Summary
During the second half of the 20th century, Keynesians were busy countering the neo-classicists and monetarists who were intruding onto their sacred ground: macroeconomics and the Phillips curve. New Keynesian Economics would keep on exploring market failure one breakdown at a time.Main definitions and economists:
- New Keynesian Economics
- George Akerlof
- Gregory Mankiw
Unemployment and inflation:
The New Keynesian Economics seeks to provide Keynesianism with microeconomic foundation support. This contemporary economic doctrine comes as a response to the critiques that Keynesianism received from the New Classical Macroeconomics (NCM) advocates.
New Keynesian Economics can be traced back to late 70s when the first foundations were built by economists such as Stanley Fischer, Edmund Phelps and John Taylor.
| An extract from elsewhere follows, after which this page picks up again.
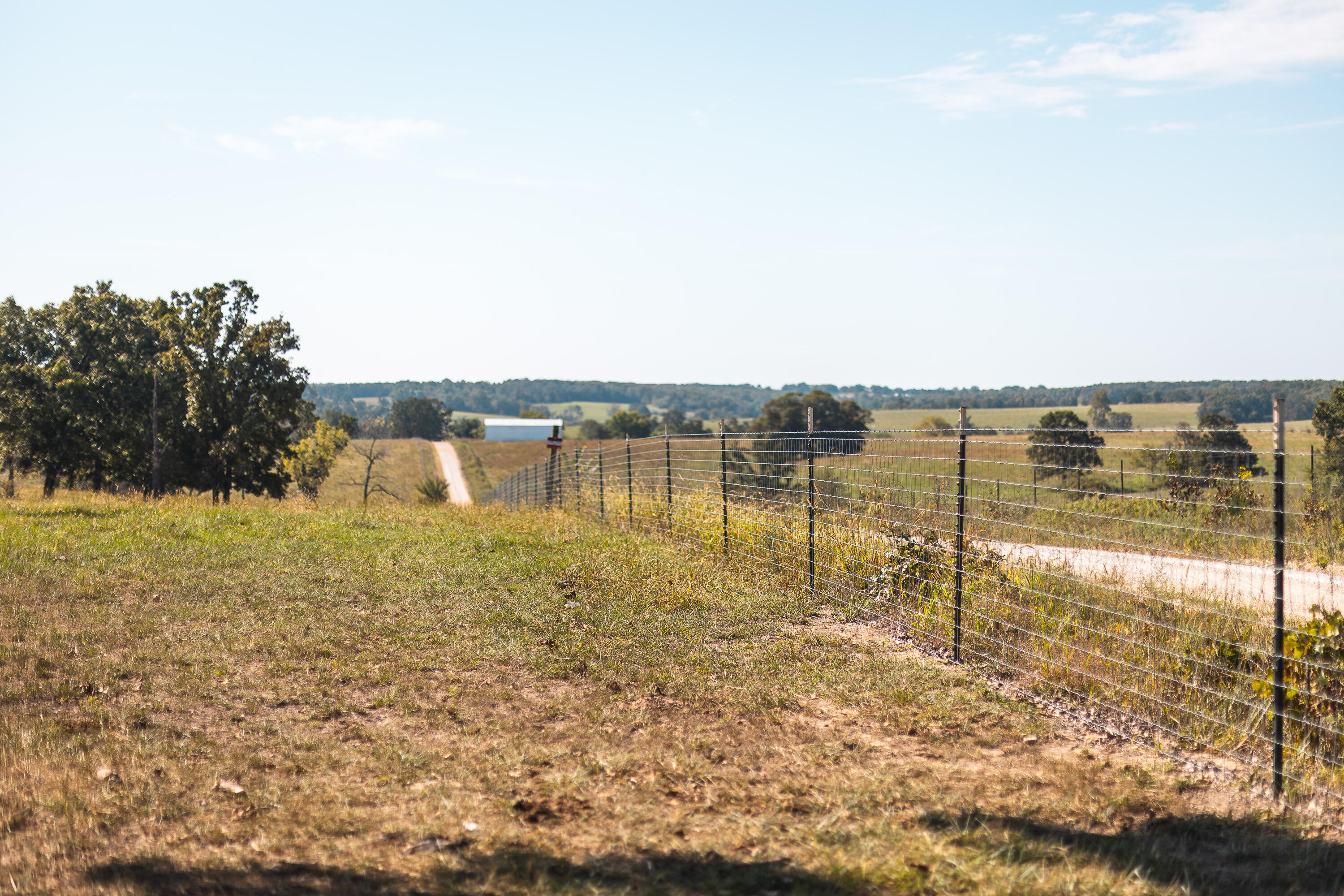 main property photo 96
One of the best economists to characterize the New Keynesian Economics is Gregory Mankiw, as he has made many contributions to this doctrine.
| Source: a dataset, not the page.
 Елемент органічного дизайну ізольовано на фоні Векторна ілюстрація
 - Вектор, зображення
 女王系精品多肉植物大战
The main issue of this economic doctrine is to explain why changes in the aggregate price level are “sticky”. While in NCM competitive price-taking firms make choices on how much output to produce, and not at what price, in New Keynesian Economics monopolistically competitive firms set their own individual prices and accept the level of sales as a constraint. From a New Keynesian Economics point of view, two main arguments try to answer why aggregate prices fail to imitate the nominal GNP evolution. One of them is used both by NKE and NCM approach to macroeconomics, this is the assumption that economic agents, households and firms have rational expectations. However New Keynesian Economics considers that rational expectations become distorted as market failure arises from asymmetric information and imperfect competition. As economic agents can’t have a full scope of the economic reality their information will be limited, and there will be no reasons to believe that other agents will change their prices, and therefore maintain their expectations unchanged. Expectations are a crucial part for price determination, as they remain unaltered, so will the price, what leads to price rigidity. For firms, price rigidity may also come from what’s known as menu costs, this is, costs that result from price changes.
As a result of this price stickiness, which implies a slow adjustment of the economy and can lead to undesired levels of unemployment, government intervention is justified to stabilize the economy, by using both fiscal and monetary policies. However, this intervention ought to be minimal, much lower than New Keynesian Economics’s predecessors, the Neoclassical Synthesis, would argue for.